Ticket #7539 (new enhancement)
primesieve spkg
| Reported by: | GeorgSWeber | Owned by: | rohana |
|---|---|---|---|
| Priority: | major | Milestone: | sage-5.10 |
| Component: | number theory | Keywords: | |
| Cc: | kevin.stueve, robertwb, was, victor, leif | Work issues: | |
| Report Upstream: | N/A | Reviewers: | |
| Authors: | rohana | Merged in: | |
| Dependencies: | Stopgaps: |
Description (last modified by rohana) (diff)
This ticket was split away from #7013:
The goal of this ticket is to create an spkg for primesieve ( http://primesieve.googlecode.com) which provides the functionality of primesieve is a shared library.
Install primesieve-3.4.p2.spkg.
Apply trac7539_initial.patch and either trac7539_standard.patch xor trac7539_optional.patch.
Attachments
Change History
comment:2 Changed 3 years ago by kevin.stueve
Leif Leonhardy sent some very useful contributions over the past days. Following is our correspondence.
*Friday December 4, 2009: Hi Kevin,
I've made some changes to [your version of] TOS's prime_sieve.c, making it more portable and removing the 4-byte pointer constraint (i.e. fixing your "-m64" problem).
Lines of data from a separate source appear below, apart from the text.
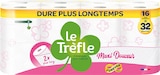 Papier toilette Maxi douceur - LE TRÈFLE dans le catalogue Carrefour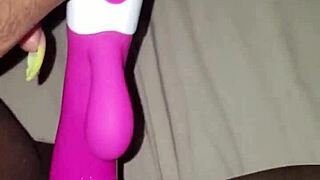 Why Does The Vibrator Keep Dying During Up Close Wet Pussy Play?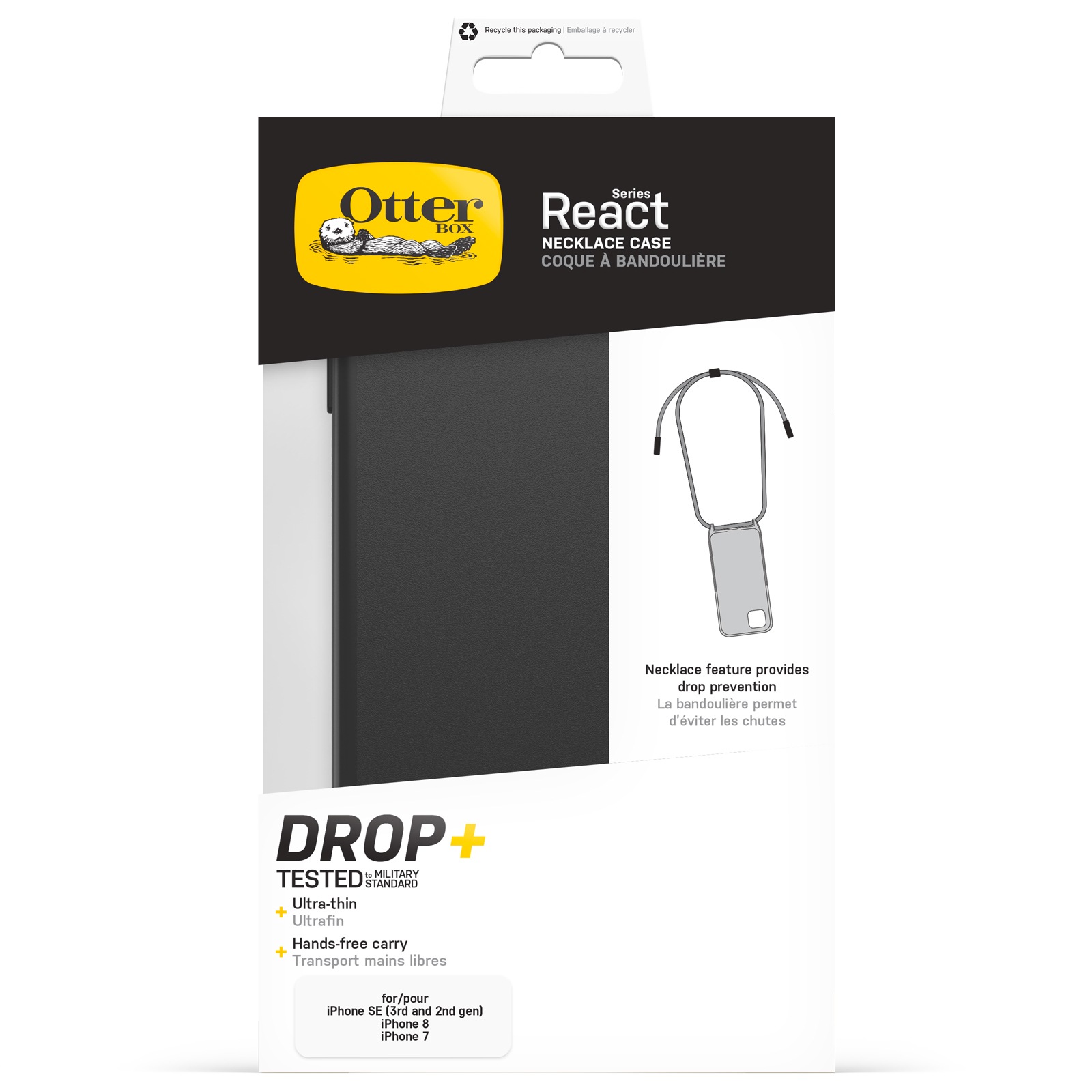 Otterbox Case zum Umhängen »React Necklace«, iPhone 7 / 8-iPhone SE (2. Gen)-iPhone SE (2020), passend für Apple iPhone SE, 7, 8
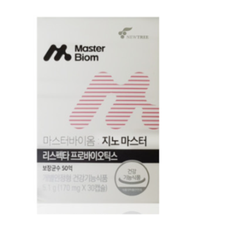 마스터바이옴 지노 마스터, 30캡슐, 2개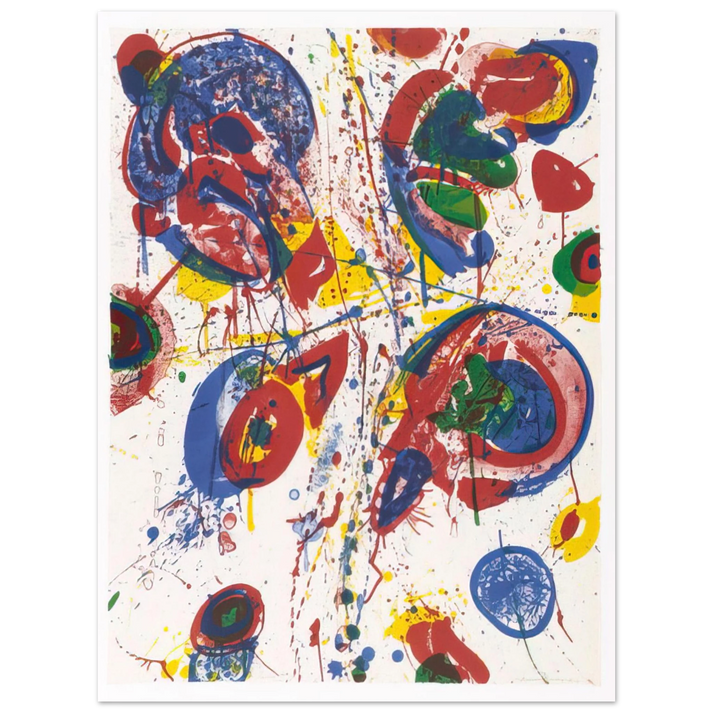 Sam Francis - Bright Nothing  75x100 cm / 30x40inches Fine Art Poster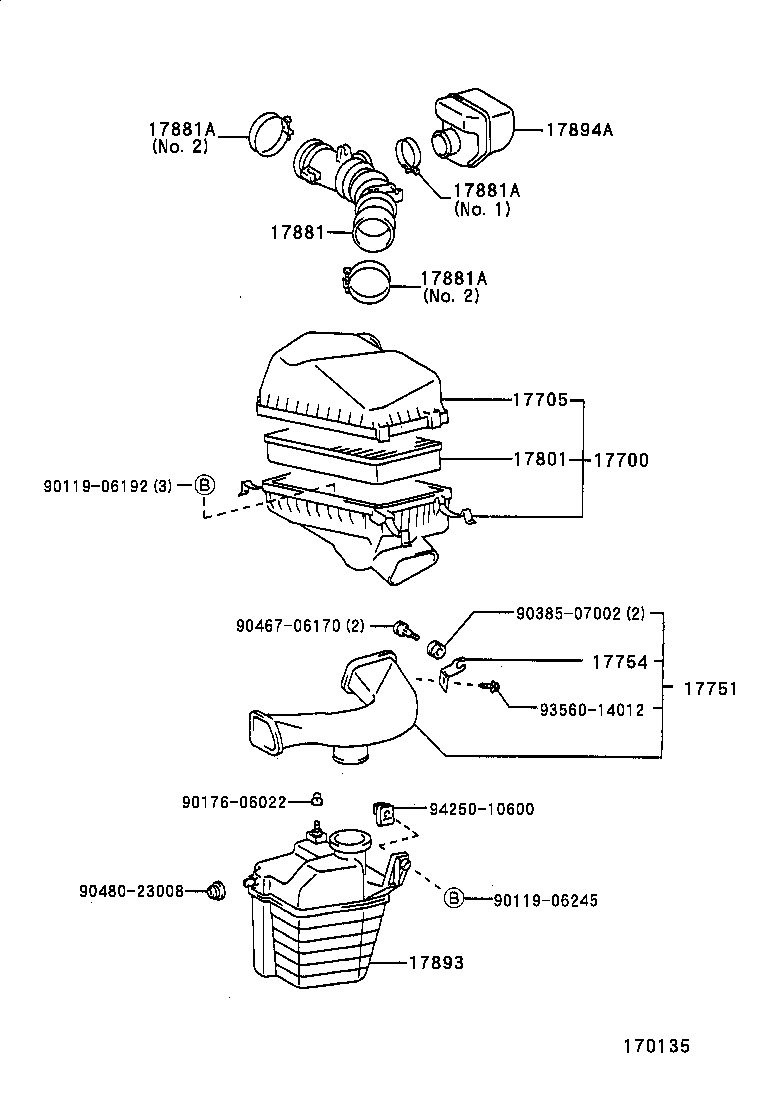  CARINA FF |  AIR CLEANER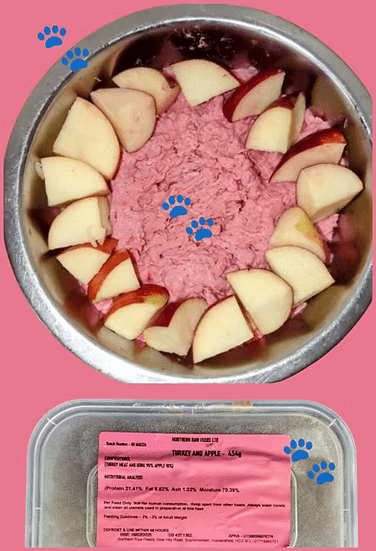 Northern Raw Feeds - Turkey & Apple - 454g | Luxury Home Accessories | Heulog Glow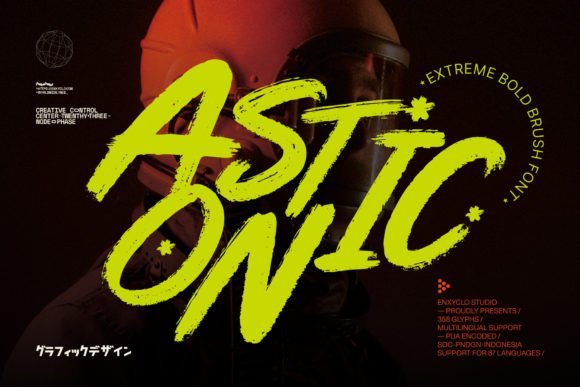 Astonic Font - Featured Image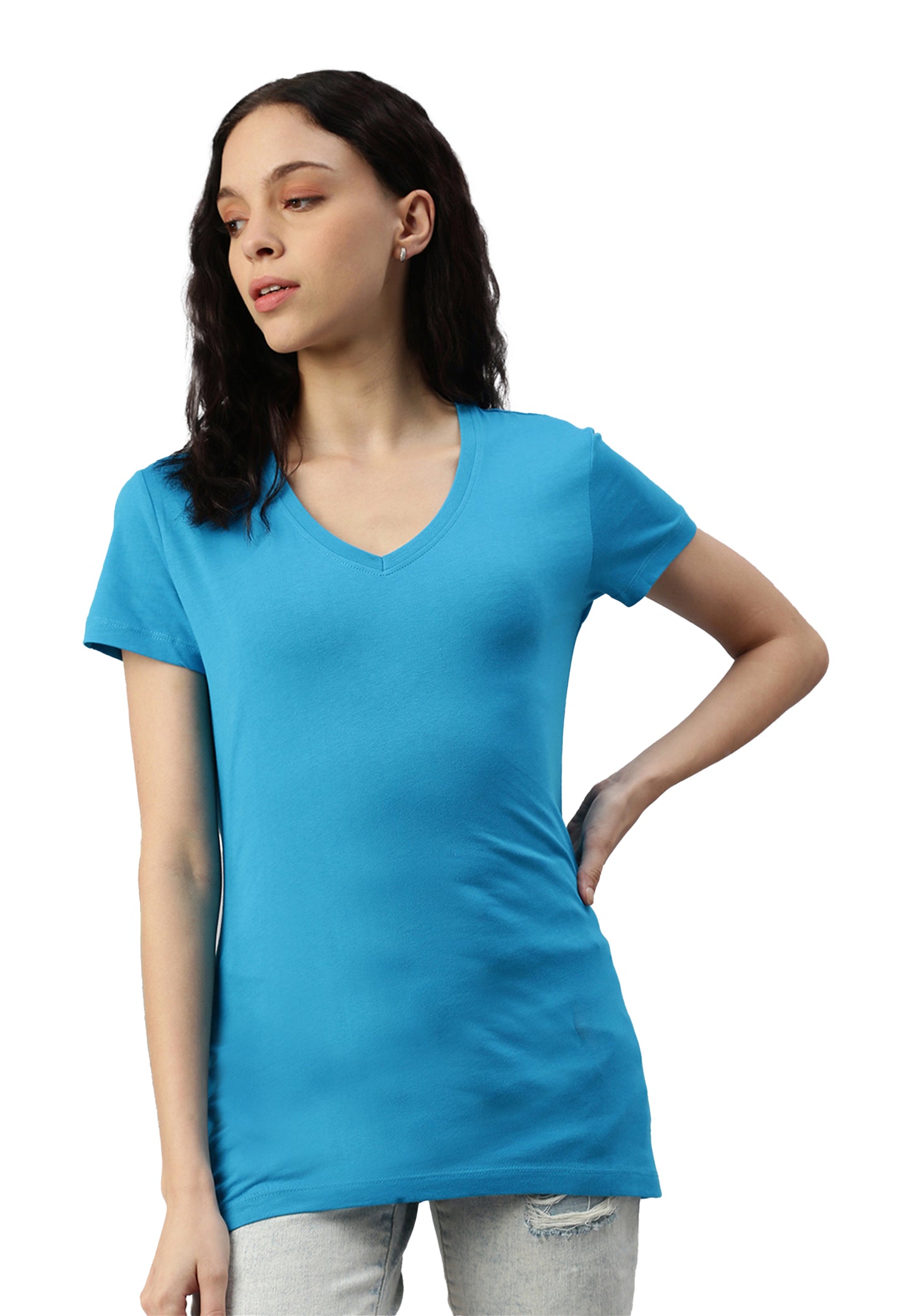 Switcher shirt Lady whale color/288 blue bay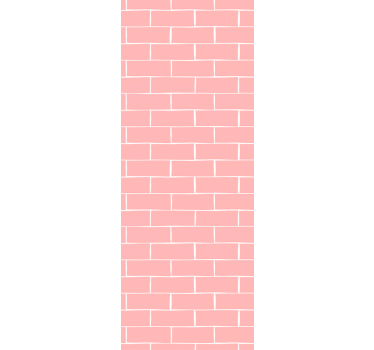 Roze baksteenpatroon behang baksteen - TenStickers
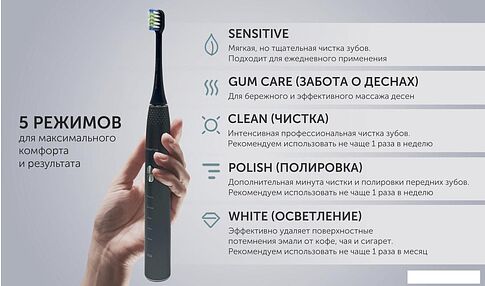 Электрическая зубная щетка Polaris PETB 0701 TC (графит)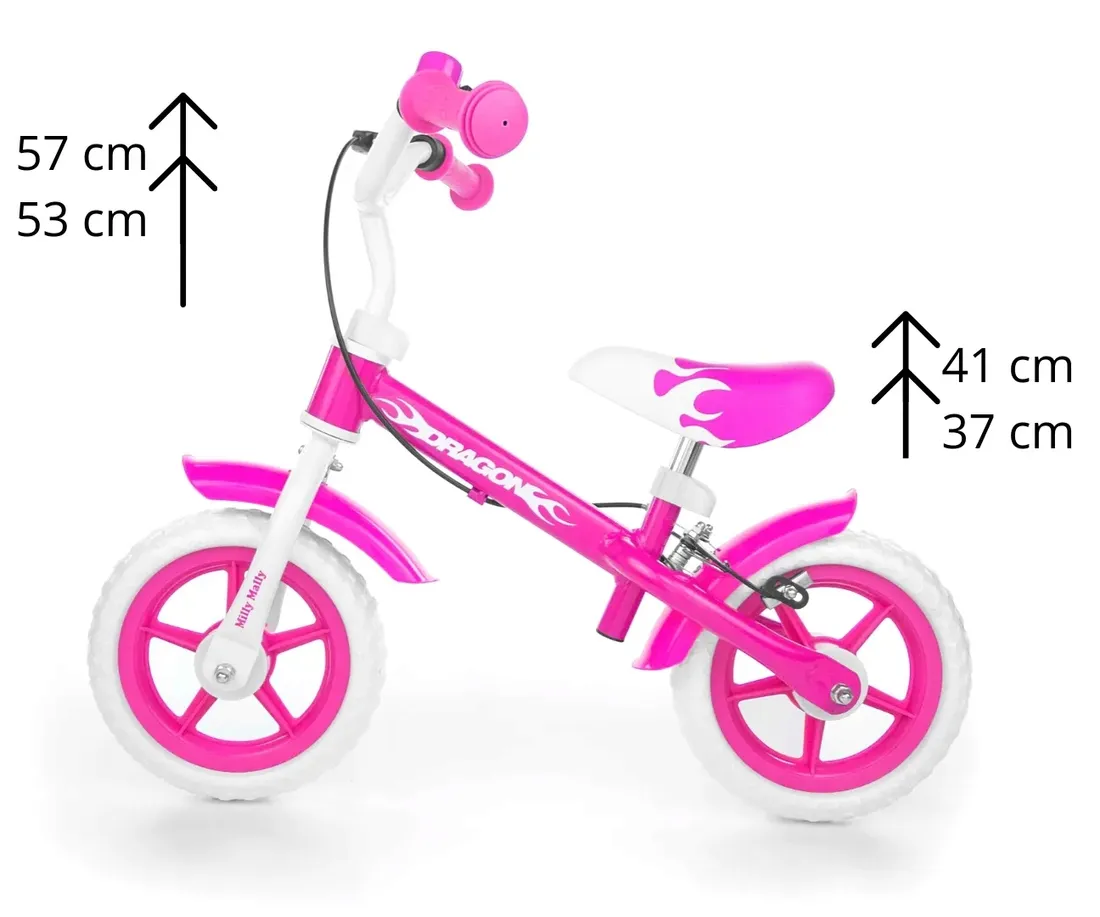 dragon-rowerek-biegowy-milly-mally-hamulec-pink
The original version also contains an overflow bug on large intervals (>=236). (Another overflow still occurs [very] near to 264, because the sum of [the muted] main_base and numbers_per_segment might [or will] exceed 64 bits.) For use with Sage, the modulo-64* limitation on the intervals' bounds should be removed, too (easy, but it didn't disturb me yet ;-) ). I also fixed your parameter handling and output of the result.
If you intend to build a library rather than a stand-alone program the memory management should be rewritten (and globals removed). Running many sieving threads on multi-core CPUs doesn't make much sense because memory (consumption and traffic) is the bottleneck; the sieving primes lists ("main_lists") can't be shared among tasks (TOS's optimization is a "sequential" one in that sense).
Note that TOS's implementation, as he stated, was created mainly for illustration purposes - "simple but serious" - and wasn't intended (and doesn't claim) to be "fully optimized" or optimal in all aspects.
The default values for sieve (segment) and bucket size were appropriate in 2002; for contemporary hardware, both should be increased. I got best results with the (currently) maximal bucket size of 64KB, and sieve segment sizes of 256KB and 1MB on an Intel Pentium 4 Prescott (1MB L2 cache) and Intel Core2 with 6MB L2 cache per core-pair (e.g. E8400, Q9x50), respectively. Also, native code ("-m64") runs faster on x86_64 platforms, even with u32 as the sieve basetype; using 64- rather than 32-bit words for the sieve has probably greater effect on platforms like SPARC64, I guess. (Compile with "-DSIEVE_BASETYPE_U64" to get that.)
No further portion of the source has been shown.